Dating back to my early teen years, I could passionately recollect,  all my hopes and aspirations were thoroughly supported by my very conspicuous vigour and vibrancy. And, I presumed I was in-charge of my life, and happiness seemed granted. Books, along with loving, caring family and friends were my companions. Though waking up early to birds chirping was thrilling… those street vendors knocking on our doors with fresh, organic, non-GMO veggies, then felt disturbing and the paper boy hurling the newspaper totally distracting me, sounded interfering. The postman’s appearance felt intruded into my private space as my dad would receive a dozen letters everyday!!! An emotional reminiscence made me feel touched as I have had the best childhood. Now, stuck in a motor-jungle, communications are hyped to a different level- a gentle horn is a hello and a big horn is for  anger. Mostly people are associated with their car numbers and everyone is tied up in a busy daily schedule. In this part of the world, big parties hosting a minimum of fifty families over weekends is the norm. Whether every guest is greeted or not is not even the basis of a social get-togethers. Those street vendors’ affectionate smug can be traced back in my search for the healthy foods in shopping malls where plastic cards do all the exchanges and organic food is far and beyond my reach. Forget Non-GMO’s. …The post man wouldn’t be knocking on my door anymore but letters, well, mostly sales and marketing flyers and our monthly bills are left in a box at bay. 

Back then, physical hand written letters were part of exchanging warmth and birthday wishes  among cousins and classmates, who lived farther or moved places. I moved to England with my husband  in 2004. Until then, all those  twenty- five years of my early life was spent in a small historical, cultural town, Vizianagaram. Both my parents were born in the same place and now, every year I look forward to going to them, to my house, to my town.  After nearly 14 years of my marriage, I still get home sick, I still have the  foreigner-feeling  wherever I am.  My roots are very strong, so are my experiences. My best friend, my maternal grand dad regretted when telephones became part of every household. “If it’s a hand written letter, I will cherish reading my letters whenever I want to, whenever I yearn for that person. These phone wishes take away my happy memories, my best time pass and make me long for my grand kids more”, in his exact words!!  My grand dad was eager to learn about e-mails in 1999 but he didn’t live longer to try that ‘e’spect. I miss my grand dad who was my movie partner, my walking partner, my guide and my stress buster, my wall. I never understood his agony about the then newly forming nuclear families and the repercussions, his usage of cloth bags to reduce plastic/paper wastage, his willingness to walk any number of miles to increase his appetite, his philosophy towards vasudaika kutumbam- whole world as one family – most of his life he had been a great host and rarely a guest. I miss my grand parents’ unconditional love, my grand mum’s innocence, my grand dad’s willingness to accept whatever was thrown at him, with a smile on his face though it caused a pain to his heart. I was part  of the latter emotion, his agony once and I bury my head in disgust when that thought surfaces  my memory. They taught me the importance of relations in life and hence I try and maintain one to one relation with everyone I meet and get to know. I try my best to be an agony aunt to any in need. Many forget me in their happy times. I was back-stabbed many times. Yet,  I trained myself to not change my core.  I am not that weak that any negativity around me could change me.

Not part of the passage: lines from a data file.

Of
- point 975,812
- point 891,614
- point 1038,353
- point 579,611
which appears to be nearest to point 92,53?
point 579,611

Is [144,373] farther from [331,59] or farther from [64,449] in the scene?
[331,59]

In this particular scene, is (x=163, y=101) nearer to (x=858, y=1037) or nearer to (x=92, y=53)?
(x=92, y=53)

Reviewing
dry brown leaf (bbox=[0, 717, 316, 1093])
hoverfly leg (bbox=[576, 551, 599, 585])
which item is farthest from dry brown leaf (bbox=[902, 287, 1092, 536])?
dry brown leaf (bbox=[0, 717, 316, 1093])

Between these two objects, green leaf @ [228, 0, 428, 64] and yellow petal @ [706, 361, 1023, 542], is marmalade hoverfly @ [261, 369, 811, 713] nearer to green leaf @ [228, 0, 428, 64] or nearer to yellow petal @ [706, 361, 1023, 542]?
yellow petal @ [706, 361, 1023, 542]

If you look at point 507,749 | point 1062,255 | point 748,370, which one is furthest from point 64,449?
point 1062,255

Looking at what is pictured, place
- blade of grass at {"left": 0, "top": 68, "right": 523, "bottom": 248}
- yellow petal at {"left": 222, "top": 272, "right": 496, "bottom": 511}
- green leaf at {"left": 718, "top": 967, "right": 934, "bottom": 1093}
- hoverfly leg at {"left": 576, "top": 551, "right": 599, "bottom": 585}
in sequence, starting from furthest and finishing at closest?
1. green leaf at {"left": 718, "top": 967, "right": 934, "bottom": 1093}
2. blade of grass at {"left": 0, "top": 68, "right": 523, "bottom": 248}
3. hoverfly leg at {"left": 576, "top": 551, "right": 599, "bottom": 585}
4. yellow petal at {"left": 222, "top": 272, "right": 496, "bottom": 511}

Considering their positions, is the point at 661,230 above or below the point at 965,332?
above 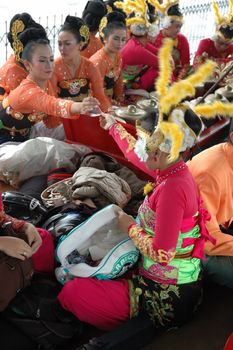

               I have realised “Life” is in-charge of me!!! Lots have changed…but there are affections beneath all these hustle, bustles.  Fortunately, the world around me is very sane and definitely, love will dominate hatred!!  I am extremely fortunate to have some friends, who are our extended family, who have the hearts of gold and have the Midas touch. Luckily, we  all share the same principles. Love begets love.